Blintz Casserole
Yield: About 6 servings (1-2 blintzes per person)
Truly the perfect brunch dish, this blintz casserole is eggy, cheesy, sweet, savory, creamy, and crispy. With just a handful of ingredients, it’s simple to put together and worthy of special occasions like Mother’s Day.


  • 1 stick butter, melted
  • ½ cup (120ml) orange juice
  • ¼ cup (48g) granulated sugar
  • 1 cup (240g) sour cream or whole milk Greek yogurt
  • 6 large eggs
  • 8-12 blintzes (frozen or fresh; and no need to thaw if frozen)
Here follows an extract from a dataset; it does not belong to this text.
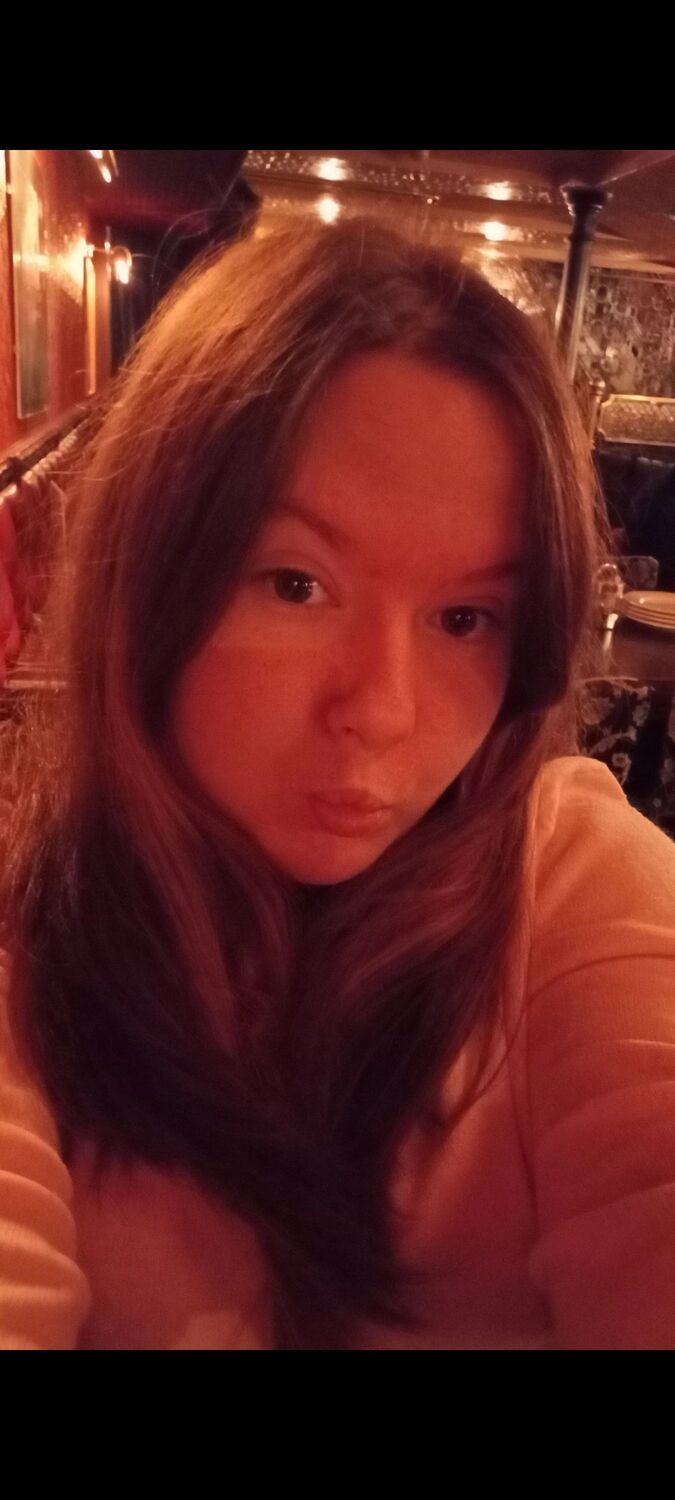 ���������� �����-���������, ���� ������� ����, 19 ���, ������������ ��� ������, ����� � ���������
  1. Preheat oven to 350℉.
  2. Pour the melted butter into the bottom of a 9×9 pan.*
  3. Mix the OJ, sugar, sour cream or yogurt, and eggs.
  4. Lay the blintzes on top of the butter and arrange evenly in pan.
  5. Pour the wet mixture evenly over the blintzes until they are fully covered. If using a smaller pan size, or fewer blintzes, you will likely not need all of the mixture to achieve this. There won’t be much mixture leftover anyway, but any extra can be discarded.
  6. Bake for 1 hour or until bubbly and lightly brown across the surface with some lightly crusty edges. The smooth creamy blintzes are the star of the show, but a crispy edge can look appealing at service if you want to leave in a few minutes longer. Just keep an eye out for burning.
  7. Let cool for 15 minutes before serving. The casserole may be enjoyed warm or room temperature, plain or topped with Blueberry Lemon Sauce or jam of choice.

Notes on Baking Pan Size

*A 9×9 pan fits about 12 small frozen blintzes (you can use fresh or if larger frozen blintzes can just adjust pan), and I fit 10 small blintzes in an 8×8 pan.